Ingested samples are grouped into blocks of two hours. Each two-hour block consists of a directory containing one or more chunk files that contain all time series samples for that window of time, as well as a metadata file and index file (which indexes metric names and labels to time series in the chunk files). When series are deleted via the API, deletion records are stored in separate tombstone files (instead of deleting the data immediately from the chunk files).
Alternatively, external storage may be used via the [remote read/write APIs](https://prometheus.io/docs/operating/integrations/#remote-endpoints-and-storage). Careful evaluation is required for these systems as they vary greatly in durability, performance, and efficiency.
*`--storage.tsdb.path`: Where Prometheus writes its database. Defaults to `data/`.
*`--storage.tsdb.retention.time`: When to remove old data. Defaults to `15d`. Overrides `storage.tsdb.retention` if this flag is set to anything other than default.
*`--storage.tsdb.retention.size`: [EXPERIMENTAL] The maximum number of bytes of storage blocks to retain. The oldest data will be removed first. Defaults to `0` or disabled. This flag is experimental and may change in future releases. Units supported: B, KB, MB, GB, TB, PB, EB. Ex: "512MB"
*`--storage.tsdb.retention`: Deprecated in favor of `storage.tsdb.retention.time`.
*`--storage.tsdb.wal-compression`: Enables compression of the write-ahead log (WAL). Depending on your data, you can expect the WAL size to be halved with little extra cpu load. This flag was introduced in 2.11.0 and enabled by default in 2.20.0. Note that once enabled, downgrading Prometheus to a version below 2.11.0 will require deleting the WAL.
To lower the rate of ingested samples, you can either reduce the number of time series you scrape (fewer targets or fewer series per target), or you can increase the scrape interval. However, reducing the number of series is likely more effective, due to compression of samples within a series.
CAUTION: Non-POSIX compliant filesystems are not supported for Prometheus' local storage as unrecoverable corruptions may happen. NFS filesystems (including AWS's EFS) are not supported. NFS could be POSIX-compliant, but most implementations are not. It is strongly recommended to use a local filesystem for reliability.

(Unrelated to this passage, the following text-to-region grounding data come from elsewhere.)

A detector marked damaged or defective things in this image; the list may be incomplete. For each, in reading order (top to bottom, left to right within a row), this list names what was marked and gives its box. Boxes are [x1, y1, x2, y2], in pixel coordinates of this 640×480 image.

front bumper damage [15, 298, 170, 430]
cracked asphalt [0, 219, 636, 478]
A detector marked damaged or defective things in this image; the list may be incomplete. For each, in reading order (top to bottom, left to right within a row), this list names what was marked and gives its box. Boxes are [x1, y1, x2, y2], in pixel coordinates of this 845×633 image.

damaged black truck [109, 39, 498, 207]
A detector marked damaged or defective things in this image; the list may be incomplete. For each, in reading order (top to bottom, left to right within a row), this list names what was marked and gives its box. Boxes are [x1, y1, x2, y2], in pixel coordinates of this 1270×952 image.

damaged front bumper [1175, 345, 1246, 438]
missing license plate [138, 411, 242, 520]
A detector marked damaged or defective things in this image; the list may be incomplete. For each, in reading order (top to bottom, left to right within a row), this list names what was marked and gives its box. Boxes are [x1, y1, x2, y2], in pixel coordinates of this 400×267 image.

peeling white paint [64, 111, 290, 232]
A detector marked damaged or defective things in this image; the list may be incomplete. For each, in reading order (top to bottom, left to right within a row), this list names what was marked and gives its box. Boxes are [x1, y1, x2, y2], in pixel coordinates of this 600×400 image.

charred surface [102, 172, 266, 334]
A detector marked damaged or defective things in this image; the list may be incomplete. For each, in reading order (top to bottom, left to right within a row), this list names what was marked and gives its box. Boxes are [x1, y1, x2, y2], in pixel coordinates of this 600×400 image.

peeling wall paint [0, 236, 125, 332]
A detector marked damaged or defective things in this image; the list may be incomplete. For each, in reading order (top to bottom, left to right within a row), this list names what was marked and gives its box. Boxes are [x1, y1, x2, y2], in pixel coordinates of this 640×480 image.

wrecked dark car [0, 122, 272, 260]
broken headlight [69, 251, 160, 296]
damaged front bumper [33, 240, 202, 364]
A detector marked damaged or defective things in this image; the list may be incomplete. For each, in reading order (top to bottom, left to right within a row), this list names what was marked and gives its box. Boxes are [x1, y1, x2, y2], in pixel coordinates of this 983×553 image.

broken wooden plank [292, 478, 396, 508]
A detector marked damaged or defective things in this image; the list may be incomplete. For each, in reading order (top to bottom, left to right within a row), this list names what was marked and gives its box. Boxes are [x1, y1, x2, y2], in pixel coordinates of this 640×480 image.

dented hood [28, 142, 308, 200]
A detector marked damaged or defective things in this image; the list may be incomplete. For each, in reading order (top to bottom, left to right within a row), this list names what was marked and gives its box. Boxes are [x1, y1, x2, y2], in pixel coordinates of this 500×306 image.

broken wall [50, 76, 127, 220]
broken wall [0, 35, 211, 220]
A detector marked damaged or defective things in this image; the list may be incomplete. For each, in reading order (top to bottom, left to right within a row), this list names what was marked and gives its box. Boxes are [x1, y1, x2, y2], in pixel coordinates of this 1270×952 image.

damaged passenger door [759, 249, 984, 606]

Expired block cleanup happens in the background. It may take up to two hours to remove expired blocks. Blocks must be fully expired before they are removed.
The read and write protocols both use a snappy-compressed protocol buffer encoding over HTTP. The protocols are not considered as stable APIs yet and may change to use gRPC over HTTP/2 in the future, when all hops between Prometheus and the remote storage can safely be assumed to support HTTP/2.
For details on configuring remote storage integrations in Prometheus, see the [remote write](configuration/configuration.md#remote_write) and [remote read](configuration/configuration.md#remote_read) sections of the Prometheus configuration documentation.
For details on the request and response messages, see the [remote storage protocol buffer definitions](https://github.com/prometheus/prometheus/blob/master/prompb/remote.proto).
Note that on the read path, Prometheus only fetches raw series data for a set of label selectors and time ranges from the remote end. All PromQL evaluation on the raw data still happens in Prometheus itself. This means that remote read queries have some scalability limit, since all necessary data needs to be loaded into the querying Prometheus server first and then processed there. However, supporting fully distributed evaluation of PromQL was deemed infeasible for the time being.
### Existing integrations
To learn more about existing integrations with remote storage systems, see the [Integrations documentation](https://prometheus.io/docs/operating/integrations/#remote-endpoints-and-storage).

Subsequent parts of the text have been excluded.